Devant le portail du site, un camion est à l’arrêt, ne sachant pas s’il peut rentrer ou non. À côté des cheminées, un chantier est en cours. Si les camions amenant des déchets et ceux amenant des matériaux pour le chantier doivent emprunter le même chemin, il a été décidé de ne bloquer que les premiers. Plusieurs personnes demandent alors au conducteur ce qu’il transporte. « Du bois », répond-il avant de tendre aux militants une feuille décrivant sa cargaison. Mais certains s’interrogent sur la sincérité de l’homme. N’y aurait-il pas en réalité des déchets dans la benne ? Pour prouver sa bonne foi, le conducteur autorise une inspection du contenu de son camion. Vérification faite, l’homme disait la vérité. « On s’est déjà fait avoir par le passé. Mais on commence à s’améliorer niveau organisation ! », explique Sylvain, adhérent de la CGT Chômeurs et Précaires, et membre du PRCF.

Au sein du petit groupe, certaines personnes se sont particulièrement impliquées. Kader court sans cesse d’un endroit à l’autre, sollicités par de multiples personnes. Membre de l’union locale CGT de Vitry-sur-Seine, il est devenu une figure importante du mouvement, en coordonnant le blocage et en assurant la liaison avec les salariés des incinérateurs. « Ils viennent nous faire des petits comptes-rendus », explique-t-il. Après quelques brèves minutes de discussion, le militant s’impatiente. « C’est bon, là ? Vous n’avez plus d’autres questions ? », interroge-t-il avant de se diriger de nouveau vers le portail de l’incinérateur, appelé par une autre urgence.

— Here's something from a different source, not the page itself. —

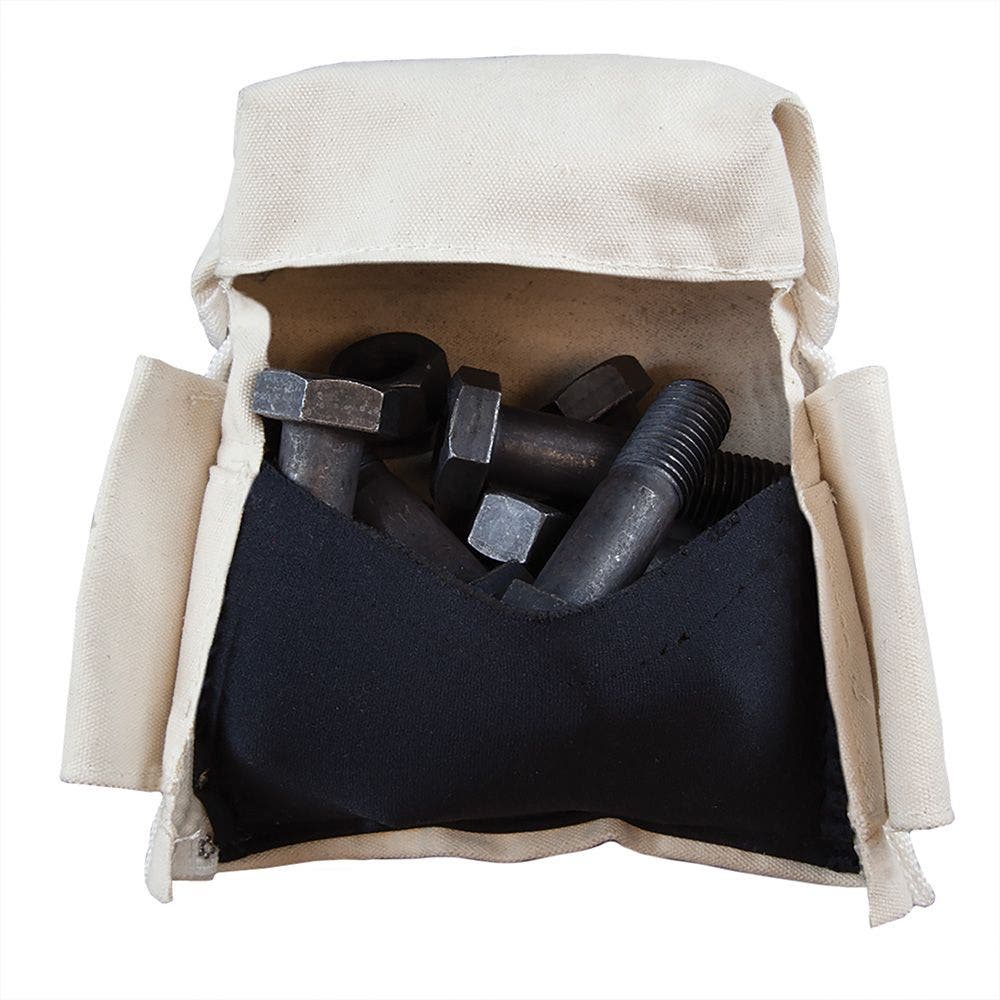 KLEIN Canvas Bolt Tunnel Loop Tool Pouch 5416TBR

Ce 4 avril, deux des trois incinérateurs et plusieurs garages étaient bloqués. La veille, la CGT FTDNEEA a déposé un nouveau préavis de grève, à partir du 13 avril. Difficile de savoir si les agents seront massivement mobilisés ou non. Mais dans son communiqué, le syndicat appuie les actions entreprises par les militants en appelant à « se mobiliser dès […] mardi 4 avril sur des actions de blocage et de reprise en main de l’outil de travail ».